▶ [SOURCE RECORDS]:
══════════

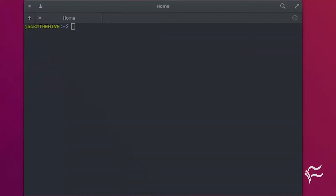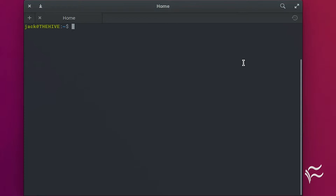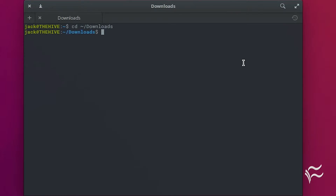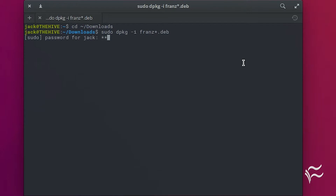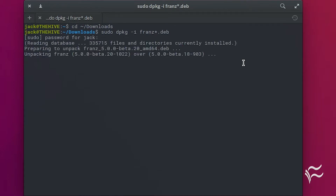Let's install and use Franz. Download the deb file from the Franz download page into your Downloads directory. Open a terminal window. Change into the Downloads directory with the command cd space tilde forward slash downloads. Install the application with the command sudo dpkg space dash i space franz star dot deb. Allow the installation to complete.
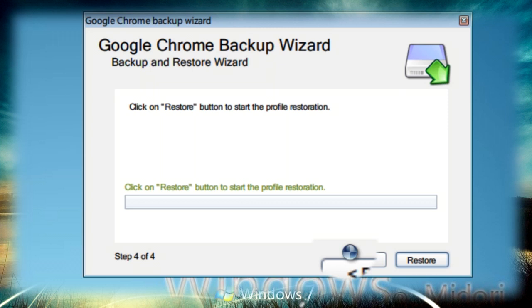You'll have all your extensions back, all your settings and passwords. So I hope you liked this video. Until next time, thank you for watching and goodbye.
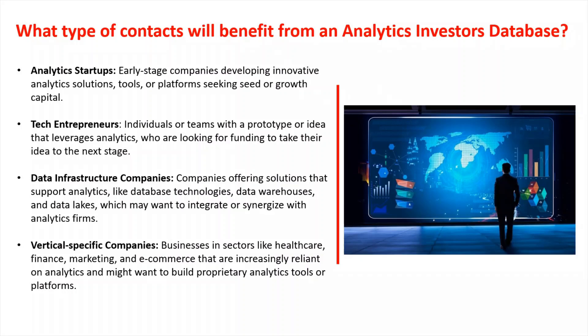And these are the type of contacts that will take a look at those opportunities. Usually angel groups, angel investors, but definitely micro venture capital or early seed, pre-seed.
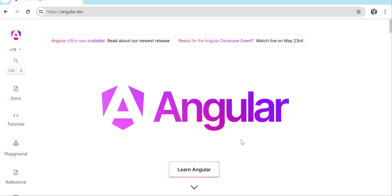Hello and welcome back to LearningPartner. Yesterday night Angular 18 released, so this video I'm creating to let you know what new things are there in Angular 18.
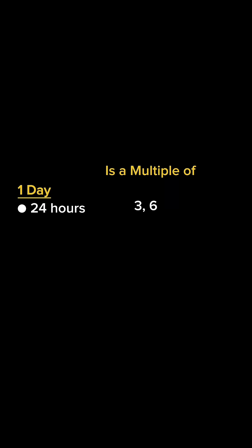In one day there are 24 hours. 24 is a multiple of 3 and 6. There are 1,440 minutes in a day, which is a multiple of 3, 6, and 9.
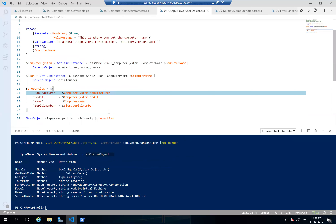This is a good way to take information coming from different sources — maybe querying a database and a directory — and tie it all together into one object that describes a computer or a user. Once you have one object it makes sorting, filtering, and other operations much easier when everything related to that object is together in one PowerShell object.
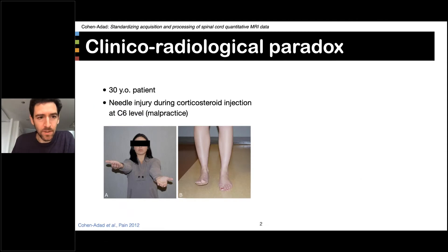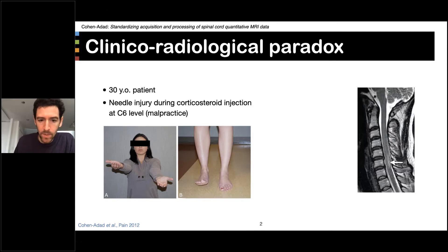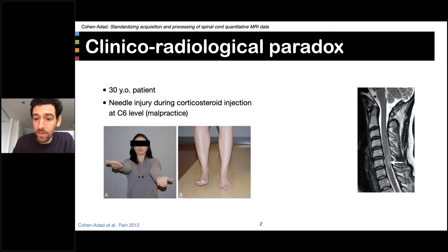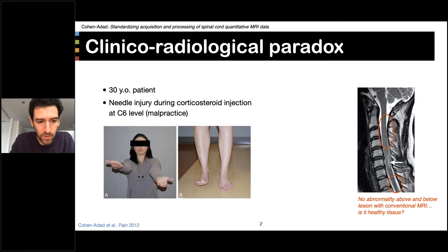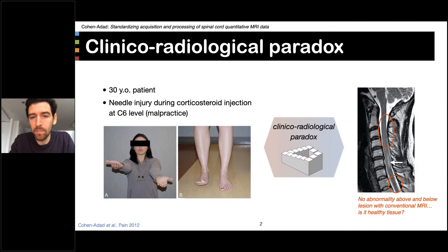You now see the slide of the patient who has suffered from sensory and motor deficits due to this needle injury. We can see on the local T2 image a hypersignal at the level C6. However, there is no visible abnormality above and below the lesion, which is somewhat in contradiction with the clinical evaluation of the patient. And this contradiction falls into what we call the clinical radiological paradox.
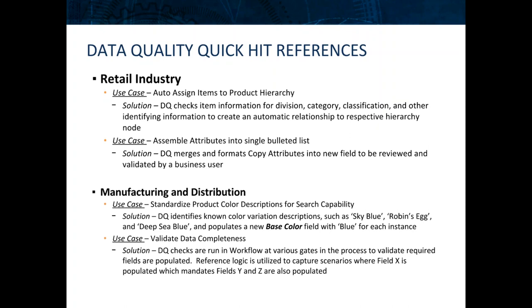Also in manufacturing and distribution, we've used data quality for standardization of color information. Whereas we might find different colors present for products such as sky blue, robin's egg, or deep sea blue, we know these are synonyms. So we have reference tables which say if we find any of these instances, we want to have a base color field and replace those with just blue, so we can more easily filter and categorize them in that appropriate color.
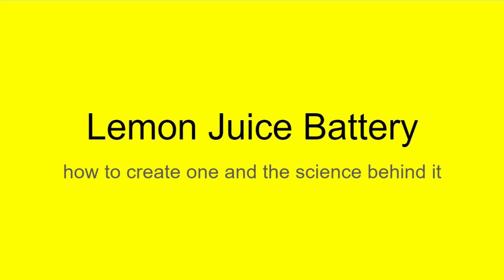Hello everyone, welcome to this video explaining how to create a lemon juice battery and going in depth about how batteries work. So what you're going to need to use to build your battery is some copper wire to use as an electrode or conductor so that the electricity flows through the battery.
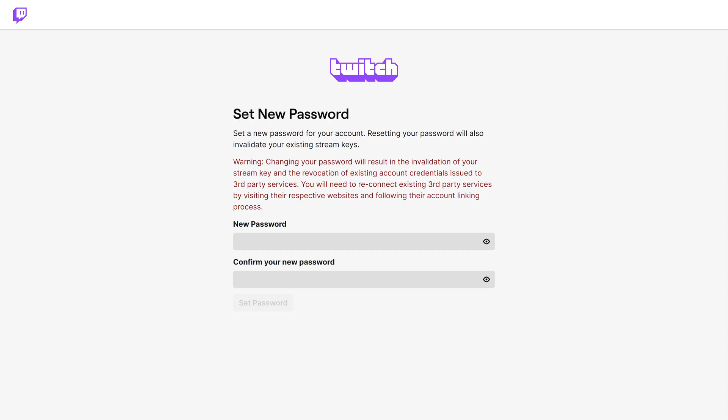The Twitch Set New Password screen is shown. Note that resetting your password will invalidate your Twitch stream keys, so you'll need to update those on any systems or services where you currently have them plugged in. If you need help finding your stream key, I'll link to my video in the description.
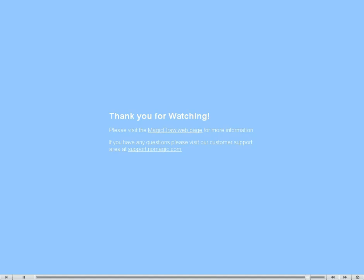Thank you for watching. Please visit MagicDraw webpage for more information. If you have questions, please visit our customer support area at support.nomagic.com.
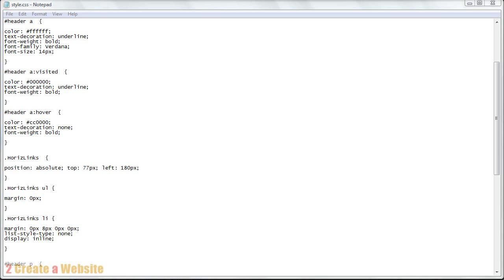Hey everyone, it's Lisa from 2CreatorWebsite.com. This is part two of my CSS tutorial. If you haven't checked out part one, make sure you watch that. Otherwise parts of this video may not make sense to you.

══════════

In the answer, the lines from the one containing "Hello everyone, welcome" to the end of the records above must be written out exactly, both ends included; the pictures must not appear.

▶ [RESULT OF THIS EXERCISE]:
Hello everyone, welcome to this video explaining how to create a lemon juice battery and going in depth about how batteries work. So what you're going to need to use to build your battery is some copper wire to use as an electrode or conductor so that the electricity flows through the battery.
The Twitch Set New Password screen is shown. Note that resetting your password will invalidate your Twitch stream keys, so you'll need to update those on any systems or services where you currently have them plugged in. If you need help finding your stream key, I'll link to my video in the description.
Thank you for watching. Please visit MagicDraw webpage for more information. If you have questions, please visit our customer support area at support.nomagic.com.
Hey everyone, it's Lisa from 2CreatorWebsite.com. This is part two of my CSS tutorial. If you haven't checked out part one, make sure you watch that. Otherwise parts of this video may not make sense to you.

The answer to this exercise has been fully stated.